**Exercise prompt**
The lines from the one containing "Tillett B5 Seat Size Chart" through the last line below, both ends included, must be reproduced exactly, with no pictures.

**Dataset excerpt**
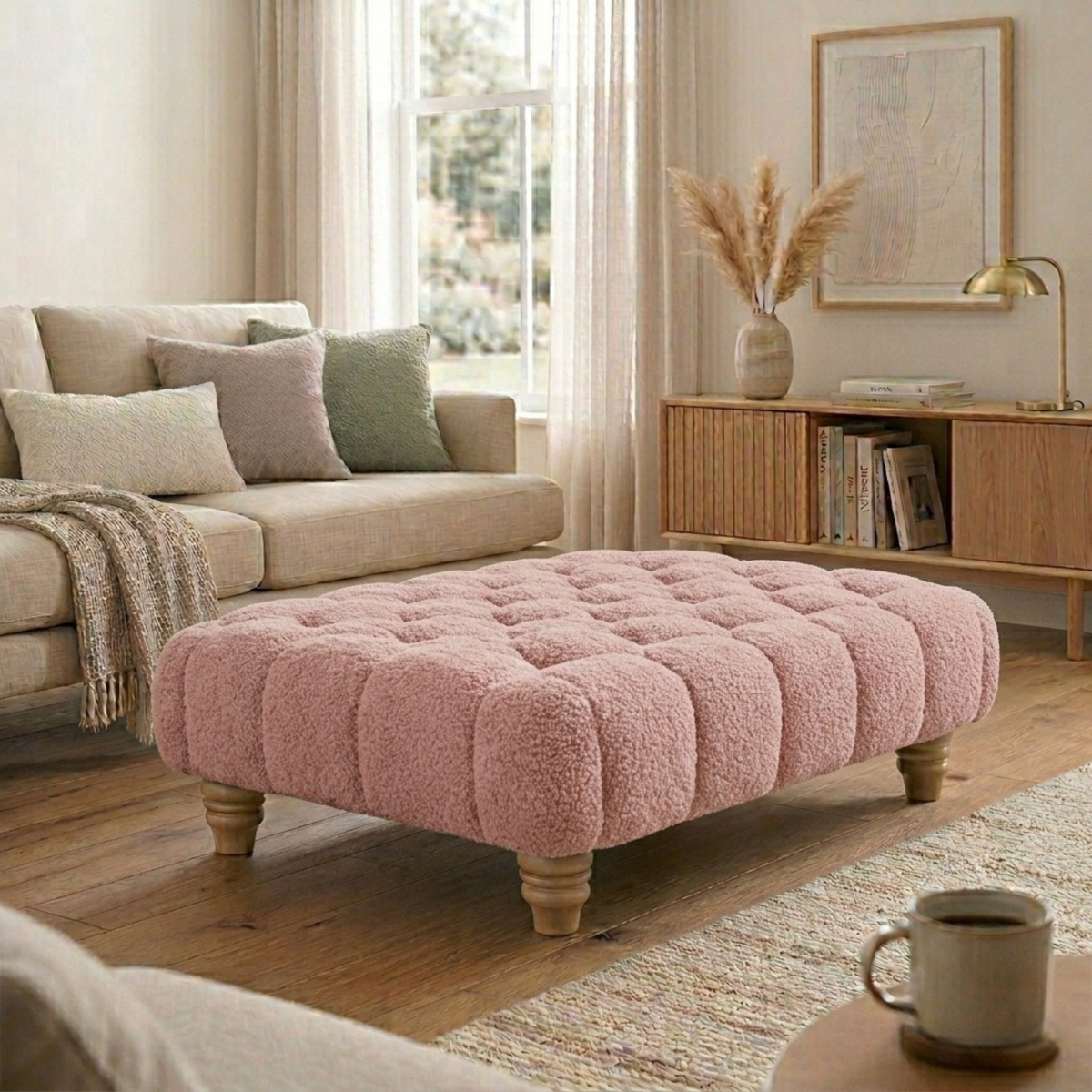 Chesterfield Foot Stool - Teddy Fabric Footstool Pouffe - Multifunctional Ottoman Rectangle Stool Boucle, Coffee Table for Living Room Bedroom Furniture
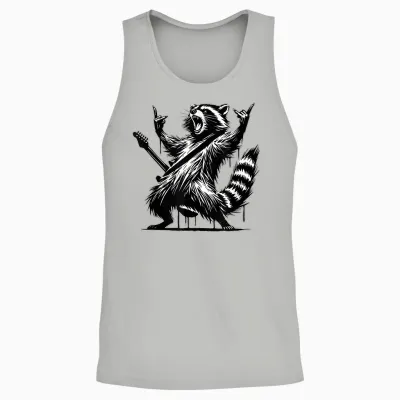 Raccoon Rock and Roll Rock&roll Raccoon Playing Guitar Rock & Roll Unisex Tank Top - Ash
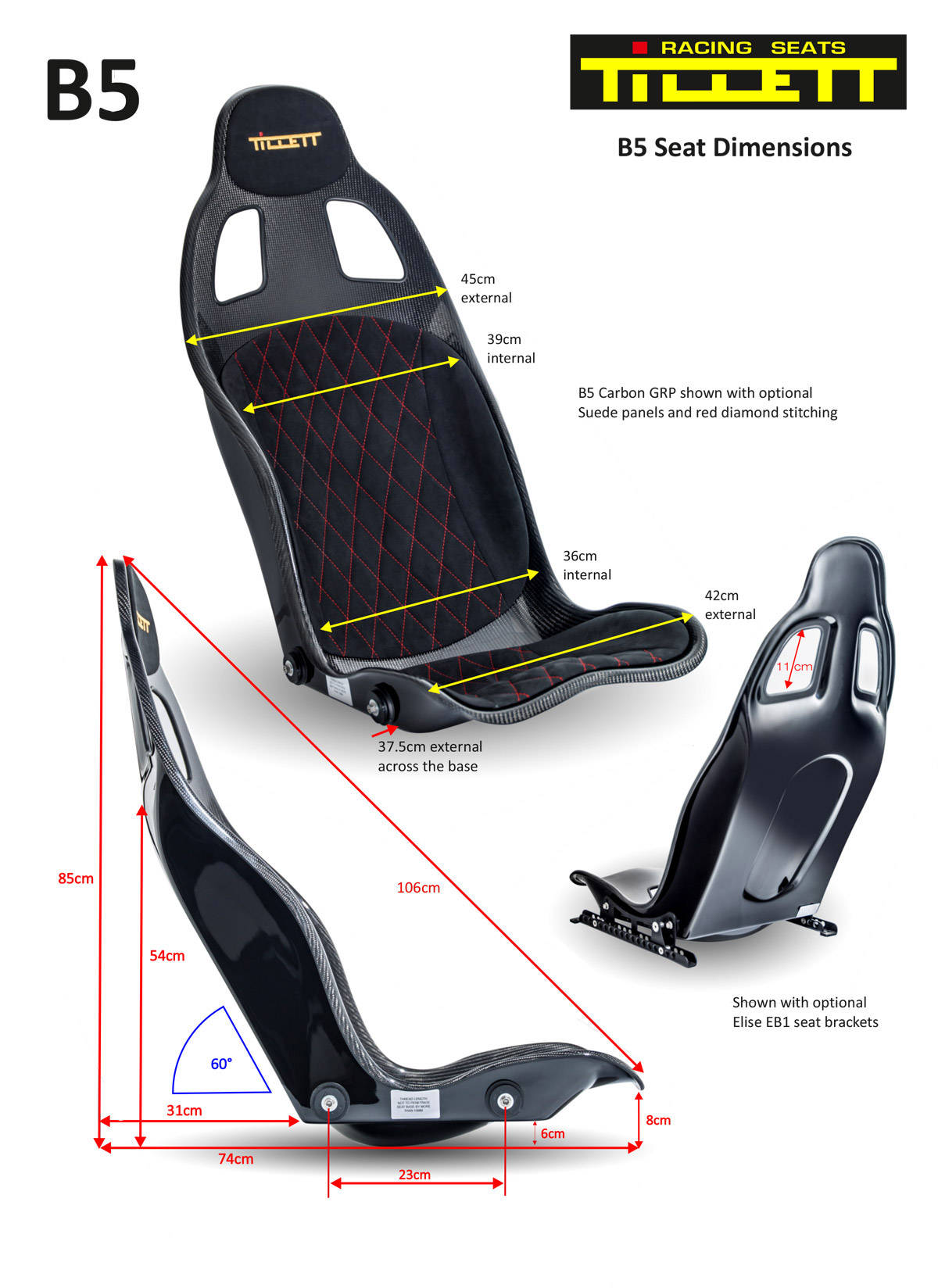 Tillett B5 Seat Size Chart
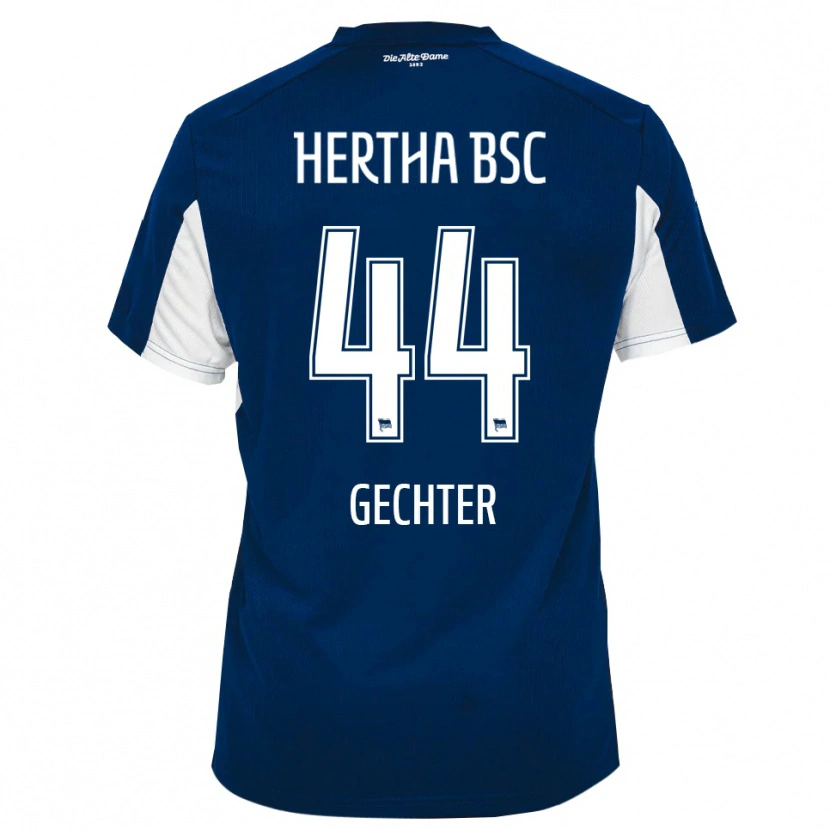 Danxen Bambino Maglia Linus Gechter #44 Bianco Blu Kit Gara Home 2025/26 Maglietta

**Response box**
 Tillett B5 Seat Size Chart
 Danxen Bambino Maglia Linus Gechter #44 Bianco Blu Kit Gara Home 2025/26 Maglietta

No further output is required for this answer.